А вот второе выступление Ленина исключительной важности. Оно состоялось летом 21 года на 3-м конгрессе Коминтерна. Как работник Коминтерна, вдобавок готовивший себя для подпольной работы в Германии, я прямо-таки глотал все, что происходило на конгрессе. Вот тогда навсегда врезались мне в память слова Ленина: "Мы не должны скрывать наши ошибки перед врагом. Кто этого боится, тот не революционер. Наоборот, если мы открыто заявим рабочим: "Да, мы совершили ошибки", то это значит, что впредь они не будут повторяться".

И я заканчивал свою статью: "Ленину, как и многим революционерам, принадлежавшим к старой большевистской гвардии, не было дела до личной славы, до личного благополучия, почестей и постов. Их занимала лишь победа подлинной коммунистической идеи, ее осуществление в жизни трудящихся масс. Он страшился мысли о возможности повторения того, что - как он писал - "не раз бывало в истории с учениями

 

- 354 -

революционных мыслителей и вождей угнетенных народов и классов в их борьбе за освобождение", когда "После их смерти делаются попытки превратить их в безвредные иконы, так сказать, канонизировать их, предоставить известную славу их имени для "утешения" угнетенных классов и для одурачивания их, выхолащивая содержание революционного учения, притупляя его революционное острие, опошляя его".
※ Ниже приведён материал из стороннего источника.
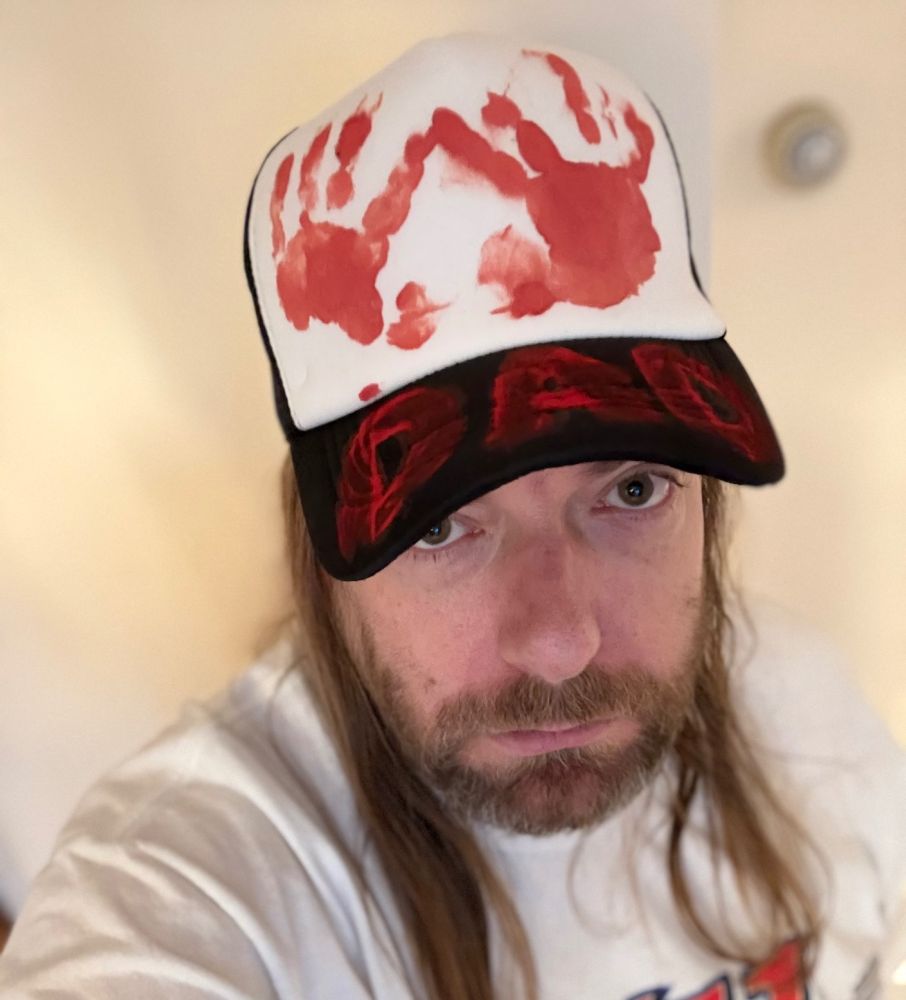 Selfie of Dan. He has a White Jesus look. Ooh, isn’t he handsome! He’s wearing a black and white trucker hat with his son’s handprints in red on the top and “DAD” on the brim.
"Я убежден, - писал я, - что учение Ленина не поддастся этой опасности, а победит, потому что оно выражает подлинную правду жизни". И сейчас, в 1974 году, несмотря на все то кошмарное, что творится в стране, несмотря на "культ", находящийся в полном разгаре, несмотря на бесчеловечные истязания, постигшие столь многих, в том числе и нас с Катей, стариков, которым не дают свидеться с дочерью и внуками, и ударившие и нашего зятя, ученого-коммуниста, изгнанного из его многострадальной родины, - несмотря на то, что не печатают наших работ, несмотря на все это я непоколебимо уверен в окончательной - пусть и далеко не столь скорой, как мы думали раньше, - победе идей Маркса и Ленина в их неподдельном виде. И что бы меня еще ни ожидало тяжелого, я никогда не откажусь от этой уверенности, основанной не столько на желании счастья измучившемуся человечеству, сколько на знании непреложных законов общественного развития.

Понятно, наиболее острые места моей статьи - ими оказались высказывания Ленина, а не мои комментарии к ним - Большов выкинул, деликатно заявив, что "они сегодня не звучат". Несмотря на это, мне кажется, известная часть читателей "Нового мира" обязательно проводила параллели с настоящим.